Roman : FLEMME (extrait)

Pour Layâl, magnifique gladiateresse, l’amour était un combat à mort. Nada était différente. Tendrement, délicatement, cette petite fille aux grands yeux noirs, savait apaiser les tempêtes et soigner les blessures. Elle s’offrait comme on ne s’offre plus. Par petites touches timides, comme un jeune artisan devant son premier métier. Comme un vieux poète composant son dernier vers.

Son ventre, accueillant comme une mère, Ernest y serait bien resté enfoncé jusqu’à la fin des jours. Et si c’était ça l’amour... Oui, bon, c’est vrai qu’il l’aimait beaucoup, mais aimer beaucoup c’est pas aimer. Aimer est un verbe entier. Et tous les aimer-un-peu, aimer-bien, aimer-beaucoup ne sont que des verrues sémantiques. Tout comme les aimer-passionément et les aimer-à-la-folie. Ou les monter-en-haut et les sortir-dehors. Aimer se suffit à lui même. Les doses d’amour ça n’existe pas. Ça vous prend ou ça vous prend pas. Mais quand ça vous prend, c’est comme les chaleurs d’une chatte. Vous êtes là, le trou à l’air, suppliant, hurlant parfois, tellement impuissant... Non, c’était pas de l’amour. Pourtant, Ernest savait que ce ventre-là était le ventre de sa vie. Malheureusement, le cul de sa vie, lui, était ailleurs. Et s’appelait Layâl. Nada et Layâl c’était comme les revers d’une médaille qu’il n’aura jamais. Si Dieu existe, faudrait qu’il arrête de boire, pensa-t-il.
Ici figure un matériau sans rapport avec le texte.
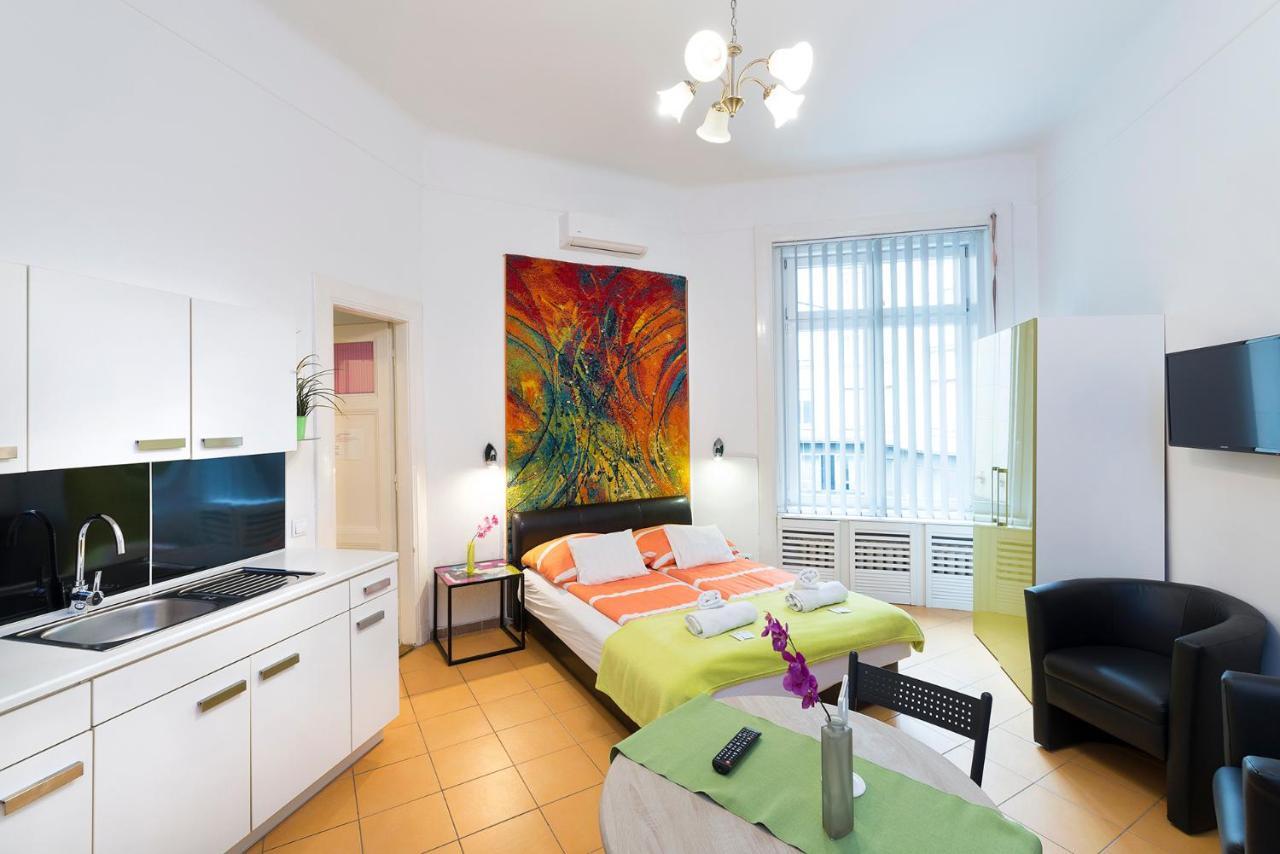 Studio 4U Apartment Budapest Bagian luar foto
- Je dois rentrer, dit Nada.

Il fallait qu’elle rentre. Il faut toujours qu’elles rentrent. Y avait pas moyen. Ces putains de réveils, il faut qu’ils puent la couillonade. Sine qua non. Le café chaud et les toasts, il paraît que ça n’existe que dans Lelouch. Parfois Ernest aurait bien aimé être un personnage de Lelouch. Hop une chanson, un baiser, et la misère est lavée.

- Je dois rentrer.

Elle s’étira lentement, offrant un lever de poitrine digne des plus belles cartes postales. Ses seins, ronds et lourds, pointaient leur nez avec une légèreté extraordinaire. Ils volaient presque, uniquement retenus par la soie blanche et légèrement transparente de sa peau.
Ernest oublia Lelouch et la métaphysique et se mit à regarder Nada. Il se dit qu’elle était belle. Une cascade de jais pleuvait sur un visage d’enfant. Deux grands yeux d’encre s’ouvraient avec étonnement sur un monde pas tout à fait étonnant. Moue boudeuse, nez coquin, elle ressemblait un peu à un péché. Le jais continuait sa pluie sur des épaules légèrement maigres à la naissance mais qui progressivement s’arrondissaient comme des fesses de bébé. Son cou, un peu trop long, lui donnait un faux-air d’extraterrestre. Ernest resta un instant fixé sur ce petit creux, à la racine du cou, peu avant la poitrine, là où perle parfois la sueur. Et qui tremble quand on respire. D’habitude, Ernest haïssait toute forme de transpiration, mais là, dans ce petit creux-là, tout un monde. Pour le décrire il aurait fallu Brassens. Gardons-nous de parodier. Son regard glissa sur la poitrine et entama la délicieuse descente vers le ventre. Ce ventre adoré, ce berceau, cet Eden. Soudain, il trébucha. La fine couverture mi-coton mi-polyester lui barrait la route. Salope! pensa-t-il. Miraculeuse salope! Alourdie par l’humidité de l’air et des corps, la couverture métisse, tel le voile d’une impudique vestale, murmurait la plus belle des toisons. Ses jambes, ces fleuves, coulaient vers l’infini. Et au bout, là-bas, tout là-bas, à la frontière de l’univers, Ernest devinait la douce cambrure des pieds, finie par une fête de nacre rose.

- Il faut que j’y aille, aurait dit Layâl.
- Je dois rentrer, dit Nada.

Layâl se devait toujours de partir, Nada se devait toujours de revenir. Quand Layâl partait à la conquête du monde, Nada, elle, rentrait chez ses parents. Chabadabada revoilà Lelouch.